The Dutch parliament can pass any number of motions, similar to how motions are passed in the parliament of S.t Maarten, however, the execution of the motions, she stressed, is another thing. “I think that’s where they will struggle and fall. At least in that respect, everything that has been done to release some of our autonomy has been, up to now, with the agreement of the government in place. I must reiterate, though, that it was not a government that I supported. We did agree in 2017 before we left office to increase border control and the integrity chamber under much duress, even though we did not agree with the way it was being implemented and this is the way that we have continued to operate within this Kingdom – supposedly with being autonomous, but with things being forced down our throats and in this case, if you don’t, then you don’t get the Dutch aid.”
She said while St. Maarten had agreed that several new police officers would be brought in, this has been at a cost to the Government of St. Maarten. “It is not as if you are giving us anything at this point with the assistance (being received). You are loaning officers here, but we are paying hand over foot,” she said alluding to the exorbitant costs to cover things such as housing, car, food etc. for officers from the Netherlands, “whilst we are not able to meet our obligations to our own police officers. I think this needs to be made abundantly clear. In the budget debates, this did not go down well with us and we did not vote for the budget. We did, however, vote for the budget amendment whereby the sale of UTS (United Telecommunications Services) will be finalised and then our local law officers would be paid as well.”
She said, however, that having Dutch officers in the country enables more locals to study and upgrade themselves, “which is a plus over previous agreements and protocols where justice is concerned, because back then officers just came and left (and) our local officers hardly got the opportunity to upgrade themselves. “That is ongoing and it is a good thing for the justice chain, but I believe if you are going to be assisting then assist, do not become heavy handed and do not become demanding. Sit at the table with us as equals and discuss what is best for St. Maarten in the best way possible, and of course, as an interim government coming in, we are willing to do that… There are even upcoming IPKO (Inter Parliamentary Kingdom Consultations) meetings where our position will also be made clear from the parliament level.”
The MP stressed that the motions voted on in the Netherlands have to be analysed by St.
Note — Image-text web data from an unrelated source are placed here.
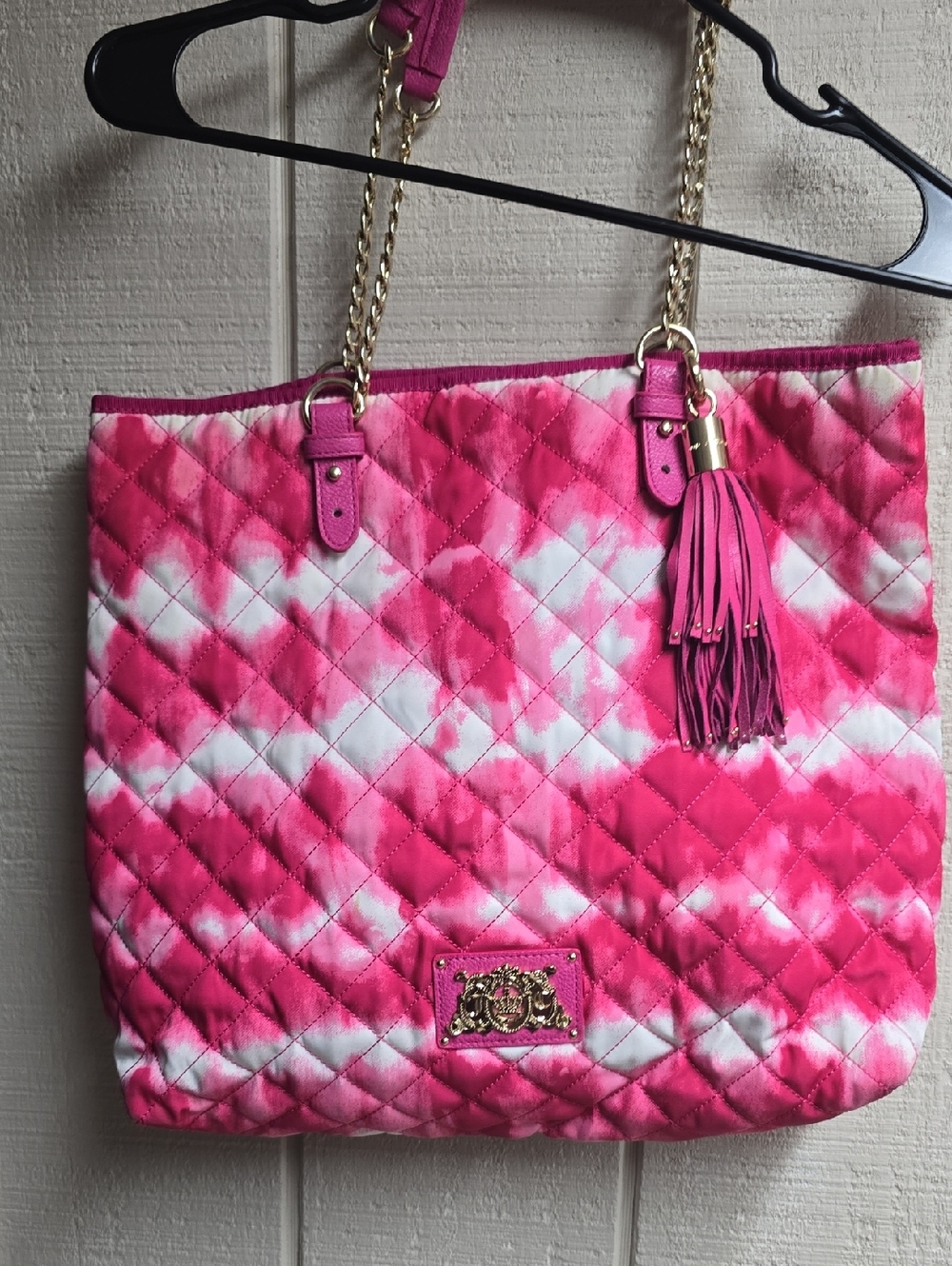 Quilted Pink Tie-Dye Tote Bag with Tassel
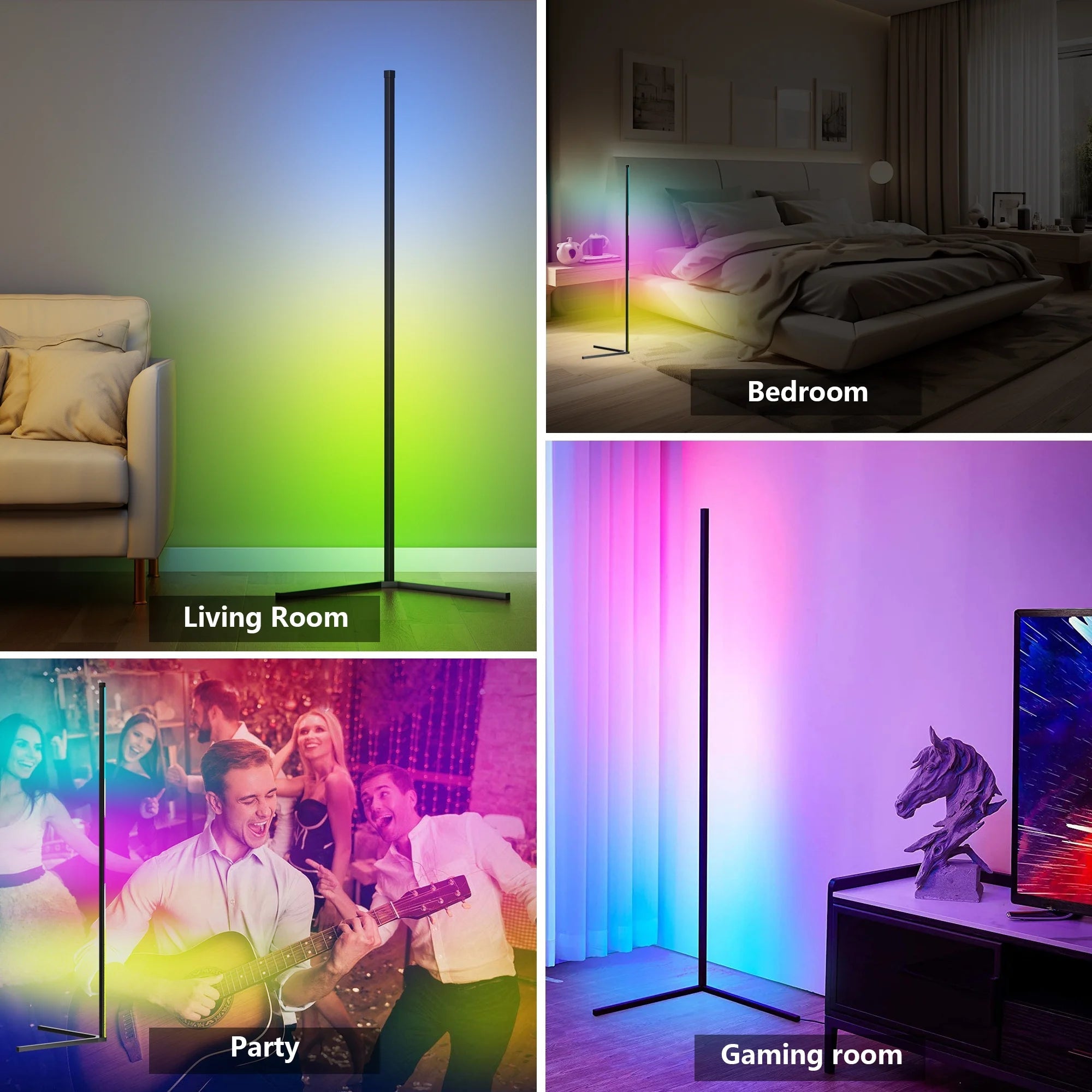 Color changing LED floor lamp for living room, bedroom, gaming, and party lighting.
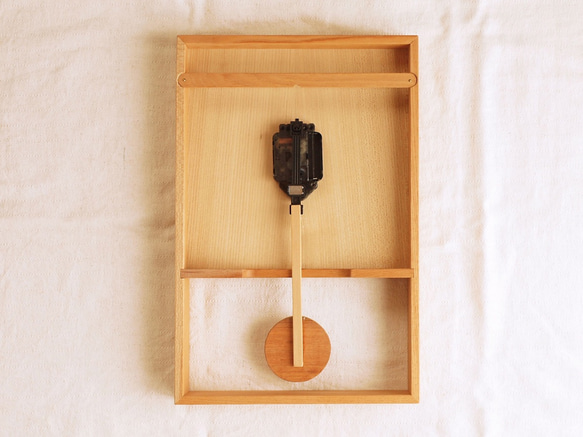木製 箱型 振り子時計 ケヤキ材8 5枚目の画像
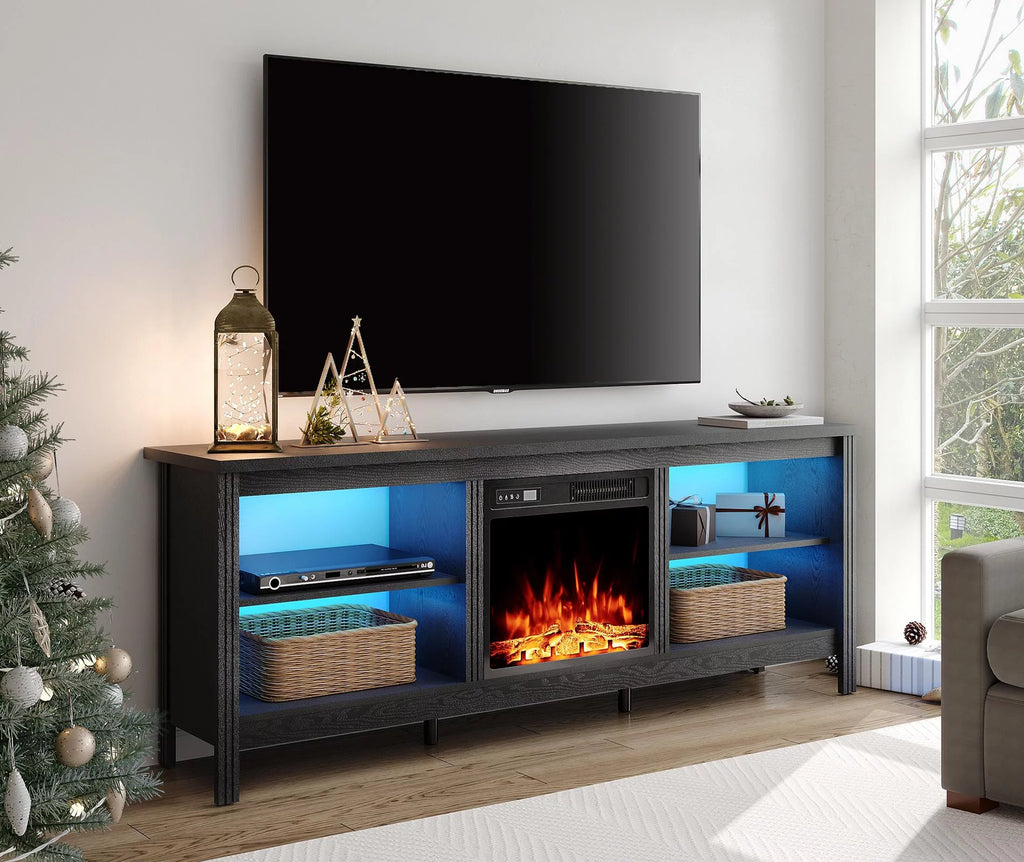 Black 70 inch Fireplace TV Stand with LED Lights Y561030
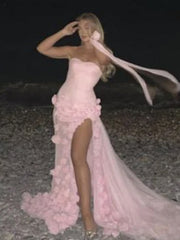 A line Sexy Sweetheart Sleeveless Pink Slit Flowers Prom Dress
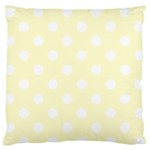 Polka Dots - White on Cream Yellow Standard Flano Cushion Case (One Side)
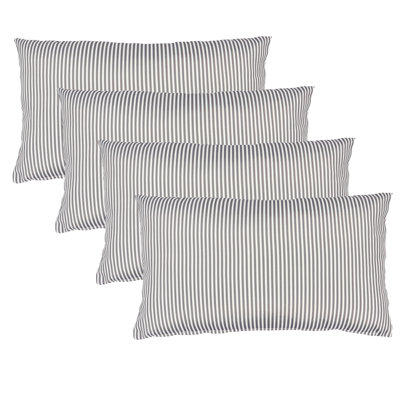 Set of 4 Outdoor Lumbar Throw Pillows with Inserts, 12" x 20" Water-Repellent and Fade-Resistant Decorative Pillows with Zipper for Patio, Porch, Balcony, and Sofa
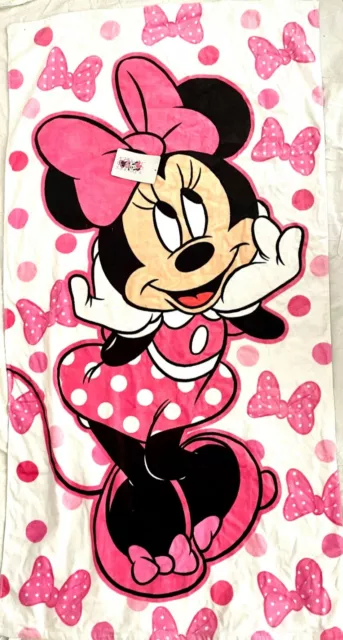 Disney Store original Minnie Mouse Beach Bath Bath Towel For Girls Kids PINK NEW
Maarten. “We don’t need to panic. We have to analyse from our point of view what our stance will be and sit at the table and fight for those positions as well. And this is my stance on it. The Dutch government cannot dictate (certain things), as we are Kingdom partners. We already have a protocol in place for justice. That protocol will be evaluated and if necessary adjusted, but not upon the demand of a motion of the Dutch Parliament. They do not dictate to our parliament and our parliament should determine what happens in St. Maarten.”